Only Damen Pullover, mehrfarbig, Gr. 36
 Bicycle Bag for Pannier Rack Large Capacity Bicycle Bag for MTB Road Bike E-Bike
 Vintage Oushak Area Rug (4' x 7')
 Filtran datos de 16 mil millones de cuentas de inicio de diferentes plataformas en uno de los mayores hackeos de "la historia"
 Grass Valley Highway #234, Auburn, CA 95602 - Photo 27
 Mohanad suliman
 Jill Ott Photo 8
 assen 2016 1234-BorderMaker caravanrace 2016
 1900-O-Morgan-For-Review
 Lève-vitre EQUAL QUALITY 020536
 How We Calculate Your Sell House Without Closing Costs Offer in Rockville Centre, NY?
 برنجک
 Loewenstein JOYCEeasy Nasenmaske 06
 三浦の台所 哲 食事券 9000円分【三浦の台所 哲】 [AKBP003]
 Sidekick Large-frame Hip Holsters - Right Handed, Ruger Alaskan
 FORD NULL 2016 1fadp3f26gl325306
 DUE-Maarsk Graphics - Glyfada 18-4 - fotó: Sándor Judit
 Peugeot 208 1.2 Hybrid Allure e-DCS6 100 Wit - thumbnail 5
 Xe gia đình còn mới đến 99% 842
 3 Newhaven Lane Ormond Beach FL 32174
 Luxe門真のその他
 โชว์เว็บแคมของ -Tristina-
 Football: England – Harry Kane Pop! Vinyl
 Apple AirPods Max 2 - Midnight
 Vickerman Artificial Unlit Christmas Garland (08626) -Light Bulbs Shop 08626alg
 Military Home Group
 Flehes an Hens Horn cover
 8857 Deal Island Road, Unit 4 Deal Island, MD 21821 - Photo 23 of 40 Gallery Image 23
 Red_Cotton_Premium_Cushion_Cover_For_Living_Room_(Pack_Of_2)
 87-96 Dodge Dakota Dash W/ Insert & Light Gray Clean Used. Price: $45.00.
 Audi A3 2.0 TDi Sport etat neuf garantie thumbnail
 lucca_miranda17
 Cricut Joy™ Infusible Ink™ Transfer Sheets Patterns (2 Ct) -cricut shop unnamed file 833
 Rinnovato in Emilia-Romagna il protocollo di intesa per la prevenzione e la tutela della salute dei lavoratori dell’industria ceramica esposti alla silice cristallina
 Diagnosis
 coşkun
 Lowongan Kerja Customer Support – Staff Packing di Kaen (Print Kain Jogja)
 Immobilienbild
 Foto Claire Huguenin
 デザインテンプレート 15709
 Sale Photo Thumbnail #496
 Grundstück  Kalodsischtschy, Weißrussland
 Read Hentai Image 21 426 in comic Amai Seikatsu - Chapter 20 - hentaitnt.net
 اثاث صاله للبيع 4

## WHAT YOU HAVE TO DO
Restate, word for word and with nothing added, the lines from the first line of the listing through the one where "FORD NULL 2016 1fadp3f26gl325306" stands.

## RESPONSE BOX
Only Damen Pullover, mehrfarbig, Gr. 36
 Bicycle Bag for Pannier Rack Large Capacity Bicycle Bag for MTB Road Bike E-Bike
 Vintage Oushak Area Rug (4' x 7')
 Filtran datos de 16 mil millones de cuentas de inicio de diferentes plataformas en uno de los mayores hackeos de "la historia"
 Grass Valley Highway #234, Auburn, CA 95602 - Photo 27
 Mohanad suliman
 Jill Ott Photo 8
 assen 2016 1234-BorderMaker caravanrace 2016
 1900-O-Morgan-For-Review
 Lève-vitre EQUAL QUALITY 020536
 How We Calculate Your Sell House Without Closing Costs Offer in Rockville Centre, NY?
 برنجک
 Loewenstein JOYCEeasy Nasenmaske 06
 三浦の台所 哲 食事券 9000円分【三浦の台所 哲】 [AKBP003]
 Sidekick Large-frame Hip Holsters - Right Handed, Ruger Alaskan
 FORD NULL 2016 1fadp3f26gl325306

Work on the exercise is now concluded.